Brennan always wanted to be a nurse, especially one who works with patients in vulnerable states like being seriously ill or under anesthesia. “I thought I could make a difference…I chose my specialty because I could make a difference when patients couldn’t advocate for themselves,” she says, “I care about patients and I care about them when they’re at a vulnerable state, when they can’t speak up for themselves, when they can’t say ‘no, don’t do that,’ or ‘this is wrong’…I’ve always gravitated to that.”

Nurses in operating rooms fill the role of the circulating nurse and they also can scrub in to assist the surgeon. The circulating nurse meets and interviews the patient to prepare them for surgery. As part of the team, they are often the driver to make sure the right surgery is being performed on the right patient and that everything needed is in the room. Brennan explains, “They’re the ones who are watching out for the patient. So, they make sure the patient is positioned correctly so there’s no pressure injuries; they make sure everything is there and available for that patient; the nurse is there as the patient, physician, and organizational advocate.”
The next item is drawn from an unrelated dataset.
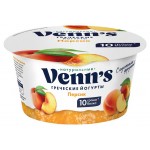 Йогурт Venn`s Греческий обезжиренный с персиком 0,1% БЗМЖ, 130 г (kastd)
Being in charge of the patient’s safety and well-being is all part of the job to Brennan. It stems back to the basic principles of caring for someone else. Brennan believes caring for your patients means always doing the right thing. She says, “Treat that patient like you would want to be treated, like they’re a member of the family.” She even notes she has been in situations where she has had to stand up for her patient’s rights in a difficult or uncomfortable situation, and hold up proceedings until all discrepancies were resolved. “If that was me on the table, would that be okay? If that was my mother, would it be okay? If the answer is no, then we have a problem and we need to fix it,” she explains.

It’s difficult to be an OR nurse, says Brennan, noting the physical, strenuous nature of the work. There is also a lot of pressure to turn over a room, with the competing priorities faced by OR nurses as they need to ensure completeness of equipment and set-up, as well as comprehensive review of their patient prior to entering the OR. She notes that it takes up to a year to train nurses in this specialty, so it can be challenging to commit to this timeline. “Excellence is an expectation, not an option…you can’t be lackadaisical or cavalier,” she says of the position.

Brennan hasn’t been in the OR since last November, but that doesn’t mean she is finished sharing her knowledge or learning from others. She has always wanted to do more. As a LPN, she wanted to keep progressing in nursing, so she became an RN and eventually moved into leadership roles. And then, she wanted to continue to progress and to keep learning. “I don’t ever want to stop learning because there’s so much out there,” she says. In her role as faculty program director with Excelsior, a position she started in November 2018, she is excited to learn all she can and help nursing students navigate the associate degree in nursing program and prepare for the Clinical Performance in Nursing Examination, the culminating exam of the associate degree in nursing program, as well as move forward in their own careers.

If you want to be a nurse, notes Brennan, you have to find what’s right for you and what fits your lifestyle. You’ll know it is what you’re meant to do, she says, because being a nurse is part of your personality. “It’s your identity; it’s who you are…I can’t imagine being or doing anything else…I wasn’t meant to do anything else,” says Brennan.